B. Statutory damages

{¶ 13} A person requesting public records is entitled to an award of statutory damages "if a court determines that the public office or the person responsible for [the] public records failed to comply with an obligation in accordance with division (B) of this section." R.C. 149.43(C)(2). Statutory damages shall be awarded "when a court determines that the public office failed to comply with an obligation to provide access to the records." State ex rel. Rogers v. Dept. of Rehab. & Corr. , 155 Ohio St.3d 545, 2018-Ohio-5111, 122 N.E.3d 1208, ¶ 23. But, even if a relator does not prevail on the mandamus claim, it is still possible for him to receive an award of statutory damages. See, e.g. , State ex rel. Kesterson v. Kent State Univ. , 156 Ohio St.3d 13, 2018-Ohio-5108, 123 N.E.3d 887, ¶ 22 (holding that even though the relator's mandamus claims were moot, an award of statutory damages was warranted nonetheless, because the respondent took an unreasonable length of time to produce the records); Kesterson v. Kent State Univ. , 156 Ohio St.3d 22, 2018-Ohio-5110, 123 N.E.3d 895, ¶ 32 (same).

{¶ 14} A requester may qualify for statutory damages under the current version of R.C. 149.432 only when he "transmits a written request [for the public records] by hand delivery, electronic submission, or certified mail * * * to the public office or person responsible for the requested public records." R.C. 149.43(C)(2). A requester who fails to prove that delivery was accomplished by one of the methods authorized in R.C. 149.43(C)(2) is ineligible to receive an award of statutory damages. See State ex rel. Penland v. Dept. of Rehab. & Corr. , 158 Ohio St.3d 15, 2019-Ohio-4130, 139 N.E.3d 862, ¶ 16 (denying the relator's request for an award of statutory damages under the applicable version of R.C. 149.43 because "no evidence suggest[ed] that [the relator] delivered his request * * * by hand or certified mail"); State ex rel. Hogan-Lovells U.S., L.L.P. v. Dept. of Rehab. & Corr. , 156 Ohio St.3d 56, 2018-Ohio-5133, 123 N.E.3d 928, ¶ 35 (plurality opinion) (concluding that under the applicable version of R.C. 149.43, a public-records request served by e-mail did not support an award of statutory damages). A requester seeking statutory damages must prove the method of delivery by clear and convincing evidence. State ex rel. Martin v. Greene , 156 Ohio St.3d 482, 2019-Ohio-1827, 129 N.E.3d 419, ¶ 9.

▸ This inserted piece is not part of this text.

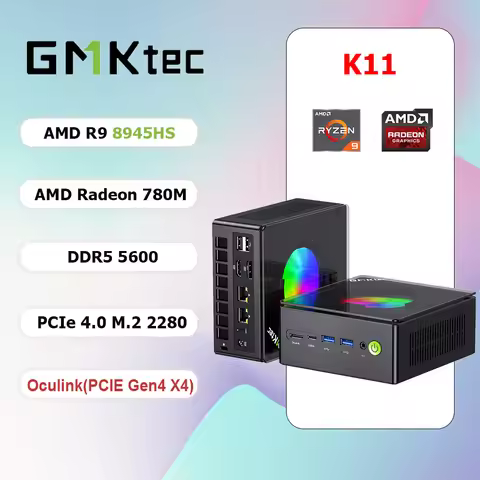 GMKtec K11 AMD R9 8945HS Gaming Mini PC 8-core 16-thread 32GB DDR5 1TB SSD Work Computer PC Mini Com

1. A prison kite does not constitute hand delivery

{¶ 15} McDougald delivered his public-records requests through the prison's kite system. In his supplemental brief, McDougald argues that "when none of the statutory delivery methods are available to an inmate, a kite constitutes hand delivery."

{¶ 16} The prison's kite system is "the means of two-way communication between all levels of staff and inmates." DRC Policy 50-PAM-02, at 6, https://drc.ohio.gov/Portals/0/Policies/DRC%20Policies/50-PAM-02%20(12-2019).pdf?ver=2019-12-09-140951-550 (accessed May 15, 2020) [https://perma.cc/CE3L-J99N]. In order to submit kites, inmates at SOCF use a form that has been prepared by the Ohio Department of Rehabilitation and Correction ("DRC"). The inmate fills in identifying information on the front of the form and then writes his question, concern, or public-records request on the back of the form. Captain James Whitman, the officer in charge of the mail operations at SOCF, stated in his affidavit attached to Greene's supplemental brief that each cell block has a sealed "Kite Drop-box," into which inmates drop their completed kites. The kite drop boxes are then taken to the mailroom, where the mailroom staff sorts the kites and delivers them to the appropriate recipients.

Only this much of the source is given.